I crossed over and bought my ticket to enter the impressive fortress known as the Tower of London. I am posting the pictures. They need little description here. I’ve included most of that in the captions.
My main objective was to see the Crown Jewels so, I didn’t go into any of the other buildings. The line to see the exhibit was about an hour long and I had to get back up to central London for my next jaunt. The exhibit though did not disappoint. (Sorry, again no pictures.) Once you enter the Waterloo Barracks, there are several rooms with information and history presented in a number of ways. It builds nicely until you come into the first of several rooms with the artifacts that are or have been used in various ceremonies that most important of which is the coronation of the sovereign.
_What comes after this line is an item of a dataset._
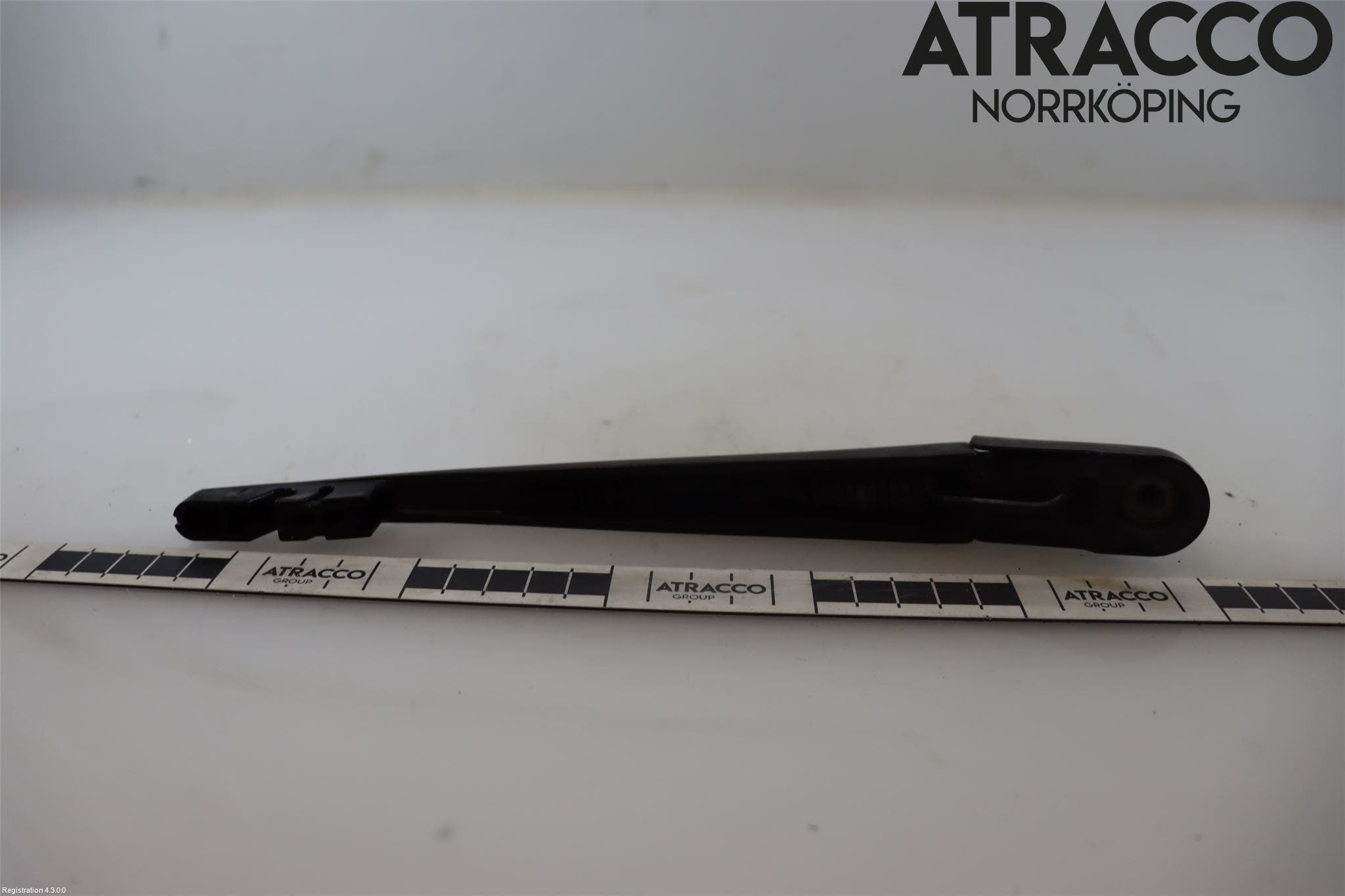 Mitsubishi ASX 10-22 Torkararm-Bakruta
You have to realize that no photograph can do these items justice. Displayed in a relatively low light they are dazzling and breathtakingly beautiful. It is difficult to say what I liked best. One item I did not expect to see was the small crown Victoria had made after Albert died that she wore in most of her official portraits and to official functions. It was tiny and very delicate. One item I found amusing was a solid (I assume) gold punchbowl that is three feet across used in the past for the coronation banquet. The ornamentation was incredibly ostentatious. The ladle was similarly sized.
I left the Tower to head back and meet Christina. She wanted to take me to one of her favorite areas of London – Hampstead. Apparently, Hampstead was at one time a village on the outskirts of London and incorporated into the city. During the early 19th century the romantic poet John Keats lived here during part of his short life. Today the neighborhood is home to the wealthy. It is a picturesque place with beautiful homes and nice shopping judging from the stores I saw. We had dinner in lovely little french restaurant and walked up to Hampstead Heath which is a sizable green space with a terrific view of the city.
I did find the Baptist church an odd thing. It has been a busy day but, it ended lovely with the walk through the heath.